(PUBLICADO NO CORREIO DO RIBATEJO DE 19 DE FEVEREIRO DE 1999)
Não será fácil identificar ao cidadão comum, do meu tempo, esta figura para mim marcante. E marcante para mim, porquê ? Existe efectivamente uma razão para isso, é que este homem era irmão de uma minha tia por afinidade e daí eu conhecer coisas que outras não conhecem. Ao vê-la chorar, eu, criança, ficava oprimido e perguntava-lhe a razão e era então que me fazia a explicação que apesar de não compreender bem, me deixava chocado.
Viveu muitos anos na Rua Almeida Garrett, no segundo quarteirão do lado direito de como quem entra, oriundo do “Largo das Amoreiras”. Nessa altura, era a única possibilidade de entrar no hoje velho bairro.
Vivia numa pequena casa que tinha na sua frente um quintal, tipo de construção muito típica no meu bairro nos seus primórdios e de que hoje restam poucos exemplares, presumindo que este seja um deles.
Aí criou os filhos como pode , como pode é uma maneira de dizer já que, trabalhando, vencia o suficiente para manter com a dignidade da época, a família que não era pequena. O que acontecia é que o regime de então o privava por vezes da sua liberdade, encarcerando-o, deixando assim a família em situação difícil.
Profissional competente, sempre o conheci como encarregado de um serviço, respeitado por patrões e colegas de trabalho seus subordinados que o consideravam um mestre competente e exigente.
Os filhos que lhe conheci, eram mais velhos do que eu.
Nunca o vi falar com ninguém, nem com o próprio cunhado que era meu tio.
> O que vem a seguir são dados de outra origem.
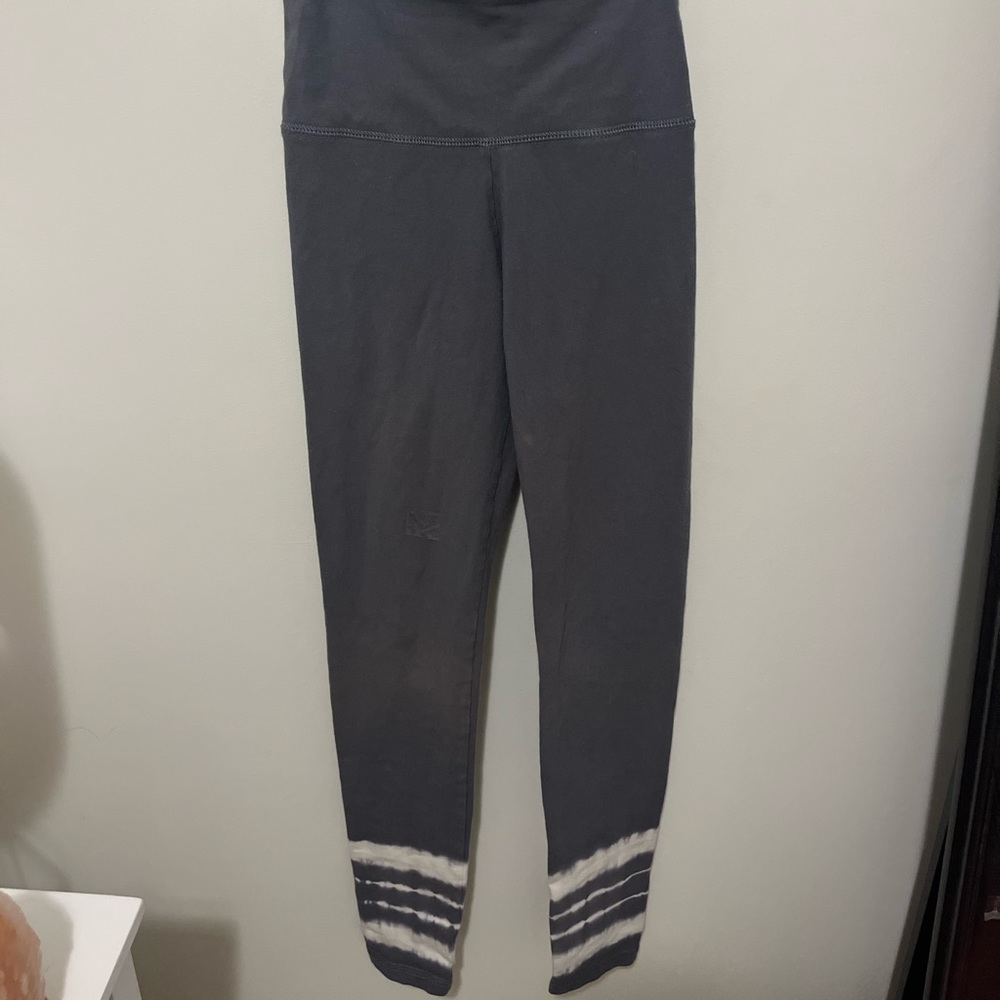 arie leggings with tie-dye ankles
Limitava-se à saudação habitual de bons dias, tardes ou noites, conforme as circunstâncias.
Pessoa extremamente fechada, tinha boas entradas no cabelo, baixo e um pouco para o forte.
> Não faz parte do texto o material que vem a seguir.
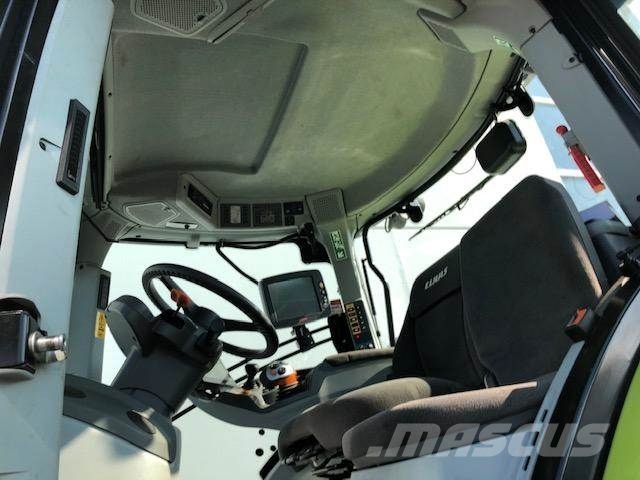 CLAAS AXION 810 Traktoren
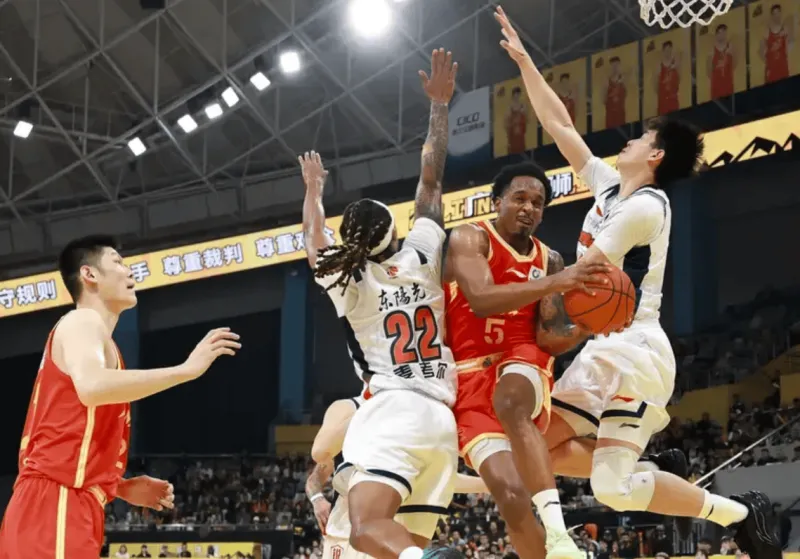 世界杯比赛在线观看平台-小巴里-布朗全场21中7，三分8中2得到21分3篮板3助攻2抢断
Com a minha saída do bairro, deixei de o ver e tive conhecimento que faleceu ainda relativamente novo, muito antes do 25 de Abril.
Alguns que o criticavam por não abdicar das suas ideias políticas, vieram a “defendê-las” após aquela data.
Nada o fez abdicar das suas convicções políticas, pelas quais se bateu até à morte.
O seu comunismo foi ao ponto de dar o nome de um dos símbolos do comunismo ao filho primogénito que no decorrer dos anos e até ao 25 de Abril devido a isso, viu-se sempre olhado com desconfiança.
Para ti Victor, o meu abraço de amizade.